Statoil second-quarter profit beats estimates as output rises

July 28, 2015

OSLO, Norway (Bloomberg) -- Statoil, Norway’s biggest oil and gas producer, said adjusted earnings after tax fell 27% in the second-quarter following a plunge in crude prices.

Net income excluding financial and other items fell to 7.2 billion kroner ($882 million) from 9.9 billion kroner a year earlier, the Stavanger-based company said Tuesday. Profit beat the average 5.5 billion-krone estimate in a Bloomberg survey of 20 analysts.

“Statoil delivered encouraging operational performance with good production growth and high regularity, whilst continuing to reduce cost,” Statoil’s CEO Eldar Saetre said in a statement. “Our financial results were characterized by gains from divestments and lower prices.”

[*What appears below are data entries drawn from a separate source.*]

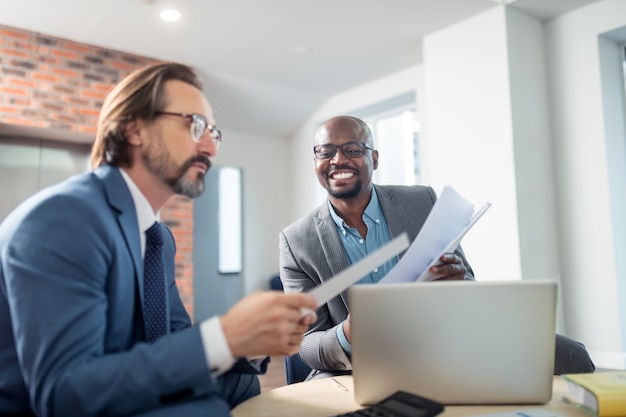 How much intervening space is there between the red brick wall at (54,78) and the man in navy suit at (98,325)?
3.91 meters

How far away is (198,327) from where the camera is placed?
87 cm

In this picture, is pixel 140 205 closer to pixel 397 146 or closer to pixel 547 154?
pixel 547 154

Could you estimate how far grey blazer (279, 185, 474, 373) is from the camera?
68.0 inches

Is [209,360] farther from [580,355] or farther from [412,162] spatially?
[412,162]

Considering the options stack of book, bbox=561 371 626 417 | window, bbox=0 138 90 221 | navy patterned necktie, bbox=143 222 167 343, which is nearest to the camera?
stack of book, bbox=561 371 626 417

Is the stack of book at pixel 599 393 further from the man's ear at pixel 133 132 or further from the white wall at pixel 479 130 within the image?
the white wall at pixel 479 130

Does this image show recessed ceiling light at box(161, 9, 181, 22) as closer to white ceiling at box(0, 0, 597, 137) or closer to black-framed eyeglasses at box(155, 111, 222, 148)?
white ceiling at box(0, 0, 597, 137)

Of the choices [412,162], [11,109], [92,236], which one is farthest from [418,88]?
[92,236]

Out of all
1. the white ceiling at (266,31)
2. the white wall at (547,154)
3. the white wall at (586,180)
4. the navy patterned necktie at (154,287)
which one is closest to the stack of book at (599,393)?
the navy patterned necktie at (154,287)

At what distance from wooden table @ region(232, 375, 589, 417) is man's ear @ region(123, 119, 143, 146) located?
62 cm

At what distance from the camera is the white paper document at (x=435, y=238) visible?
1133mm

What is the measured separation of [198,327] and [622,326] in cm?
385

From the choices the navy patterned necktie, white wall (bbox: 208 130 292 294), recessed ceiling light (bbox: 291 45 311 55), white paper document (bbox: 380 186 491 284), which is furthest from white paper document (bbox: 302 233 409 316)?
white wall (bbox: 208 130 292 294)

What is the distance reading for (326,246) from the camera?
6.04 ft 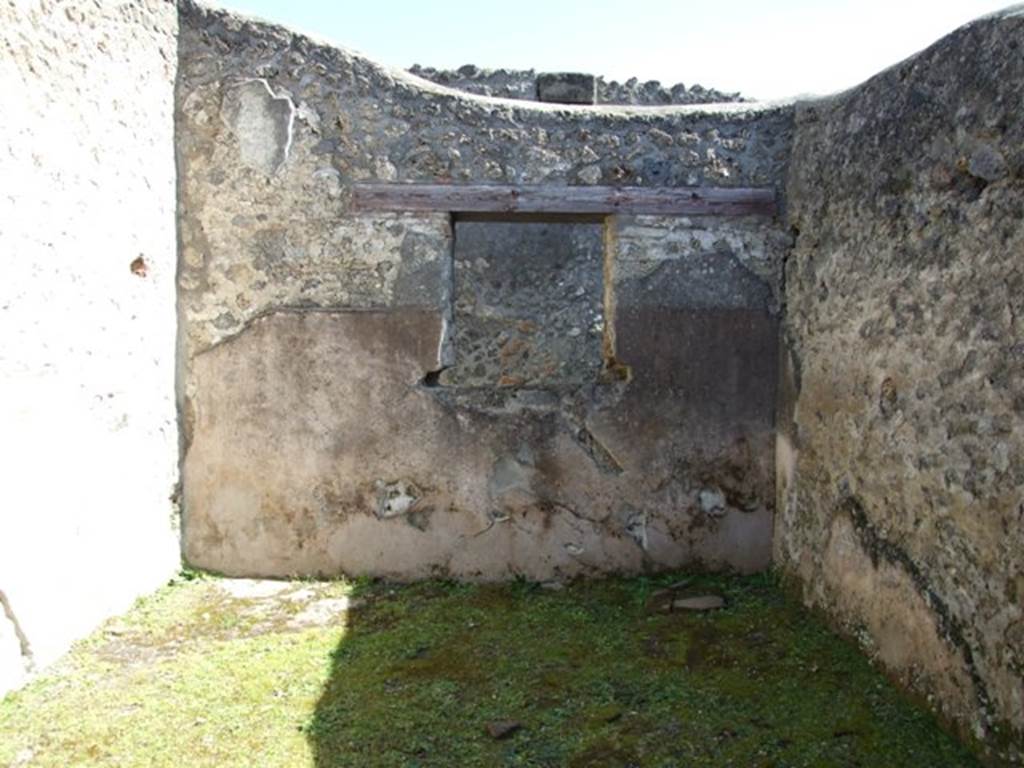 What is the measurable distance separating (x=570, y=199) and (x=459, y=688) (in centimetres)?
230

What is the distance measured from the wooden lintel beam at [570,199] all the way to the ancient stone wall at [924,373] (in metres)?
0.36

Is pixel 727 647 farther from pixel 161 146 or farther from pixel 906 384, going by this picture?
pixel 161 146

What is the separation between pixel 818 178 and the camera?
12.7 ft

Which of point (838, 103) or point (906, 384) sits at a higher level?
point (838, 103)

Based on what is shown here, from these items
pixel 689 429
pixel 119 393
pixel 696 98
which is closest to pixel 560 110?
pixel 689 429

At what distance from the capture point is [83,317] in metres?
3.46

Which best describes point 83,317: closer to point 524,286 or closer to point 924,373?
point 924,373

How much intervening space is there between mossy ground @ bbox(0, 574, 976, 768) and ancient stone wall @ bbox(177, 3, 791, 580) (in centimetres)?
32

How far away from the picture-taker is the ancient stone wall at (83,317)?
3.05 metres

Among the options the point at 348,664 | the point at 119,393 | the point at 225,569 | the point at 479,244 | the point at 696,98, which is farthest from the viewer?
the point at 479,244

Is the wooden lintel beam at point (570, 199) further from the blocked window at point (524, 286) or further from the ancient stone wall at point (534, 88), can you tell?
the blocked window at point (524, 286)

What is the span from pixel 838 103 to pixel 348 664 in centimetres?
306

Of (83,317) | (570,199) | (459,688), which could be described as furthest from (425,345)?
(459,688)

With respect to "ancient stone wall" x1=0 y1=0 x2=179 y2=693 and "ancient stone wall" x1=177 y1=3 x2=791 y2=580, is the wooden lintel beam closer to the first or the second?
"ancient stone wall" x1=177 y1=3 x2=791 y2=580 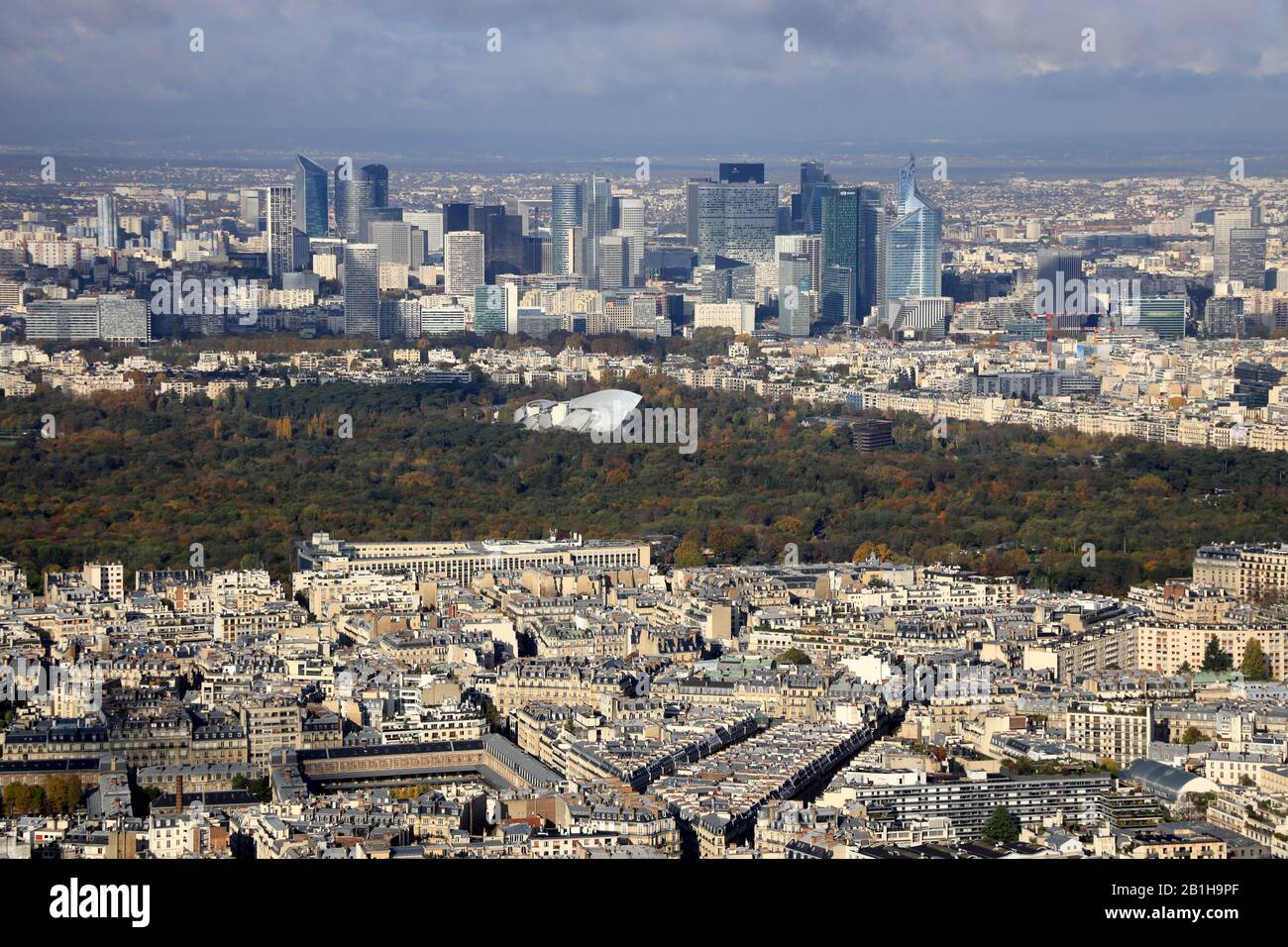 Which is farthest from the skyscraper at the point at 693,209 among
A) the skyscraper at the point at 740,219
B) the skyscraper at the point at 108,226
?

Statoil and competitors such as Royal Dutch Shell and Total are cutting investments and operational costs after oil prices fell by about 50% over the last 12 months. Statoil, which operates more than 70% of Norway’s oil and gas production, said earlier this year it will reduce spending by 10% in 2015 and cut thousands of jobs in the three years through 2016.

The company, of which the Norwegian state owns a 67% stake, will pay 1.8 kroner a share in dividends for the quarter, after saying in February it would maintain payouts at that level in the year’s first three quarters despite lower oil prices. The company has been raising debt and selling assets to afford dividends and investments over the past years.

Output in the quarter rose 4% to 1.87 MMboed from a year earlier, the company said.